Restate word for word the entries below, starting at the line with "DTM・DAW Elektron Octatrack" and ending at the line with "Lip Cordita Spoiler". Keep both end lines and omit the pictures.

### RECORDS TO PROCESS:

--------------------

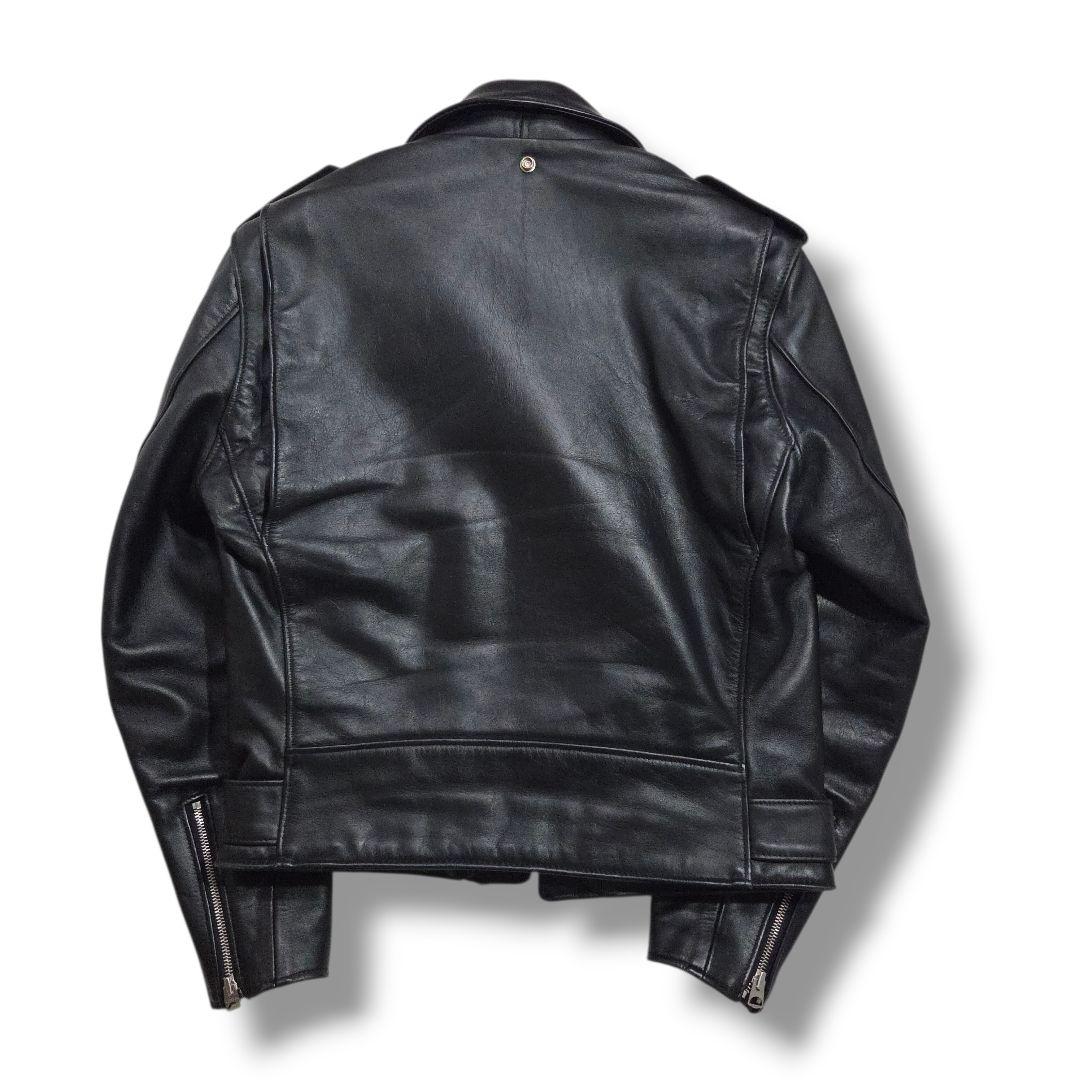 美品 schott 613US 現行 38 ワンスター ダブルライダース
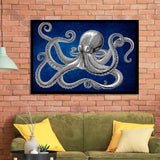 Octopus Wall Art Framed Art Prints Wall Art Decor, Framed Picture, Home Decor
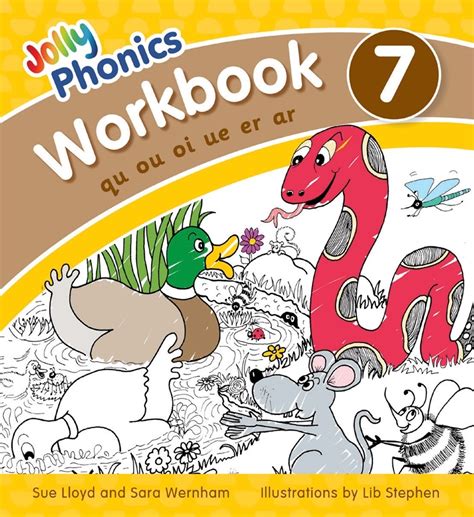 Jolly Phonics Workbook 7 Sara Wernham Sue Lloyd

--------------------

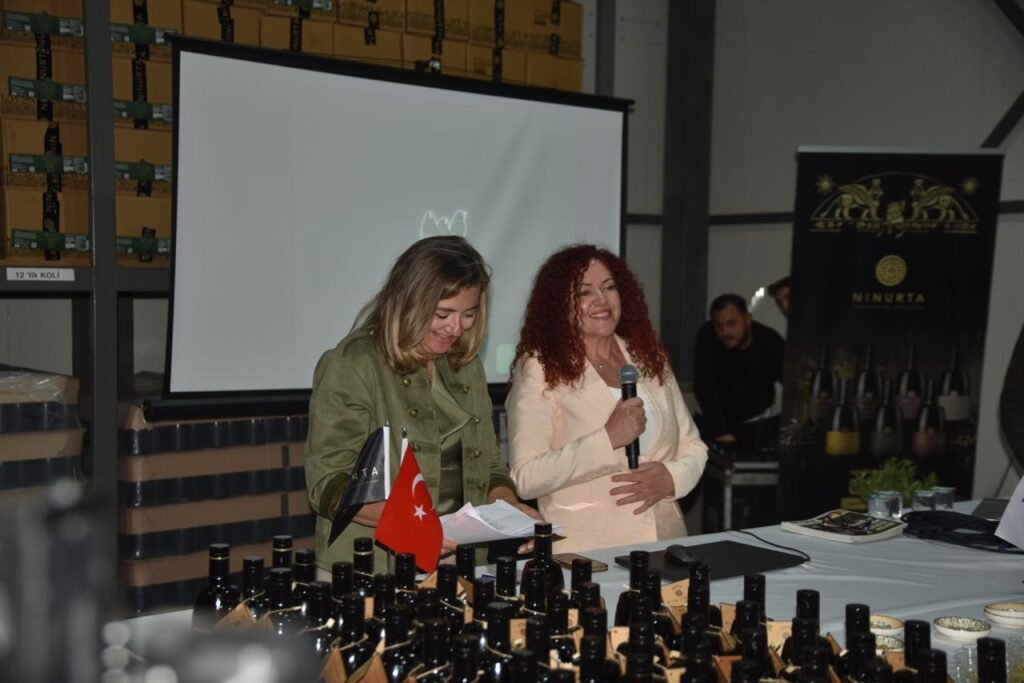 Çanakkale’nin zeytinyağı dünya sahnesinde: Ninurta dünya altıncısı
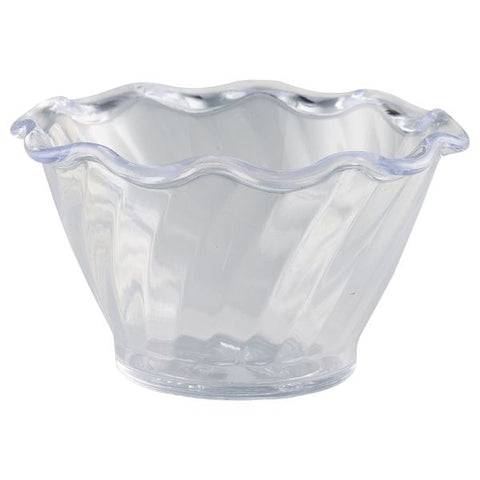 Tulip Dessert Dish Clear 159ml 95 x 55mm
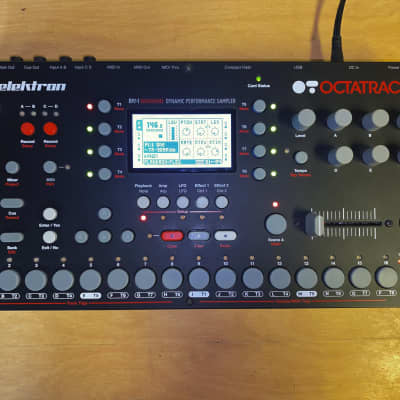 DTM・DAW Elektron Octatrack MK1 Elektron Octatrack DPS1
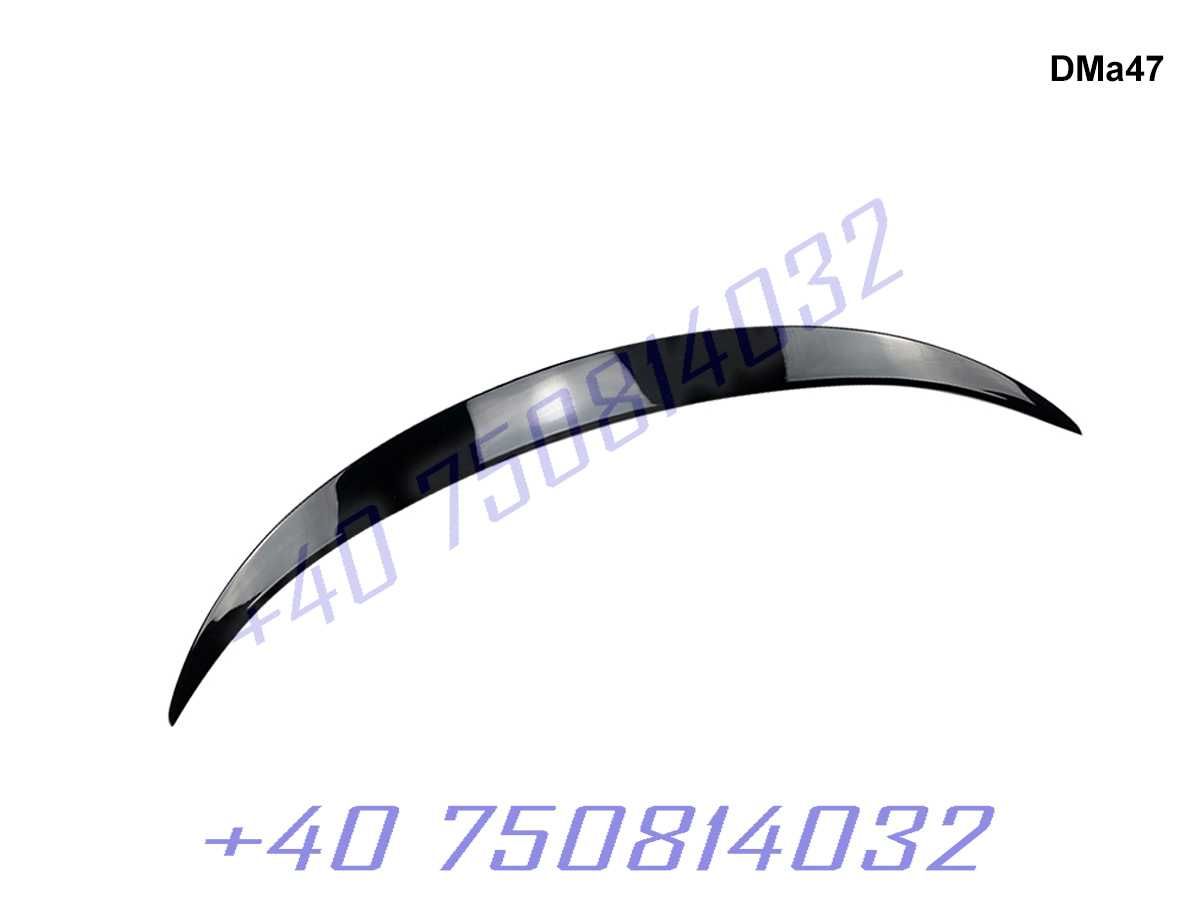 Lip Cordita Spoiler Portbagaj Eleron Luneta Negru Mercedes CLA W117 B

--------------------

### RESULT BELOW:
 DTM・DAW Elektron Octatrack MK1 Elektron Octatrack DPS1
 Lip Cordita Spoiler Portbagaj Eleron Luneta Negru Mercedes CLA W117 B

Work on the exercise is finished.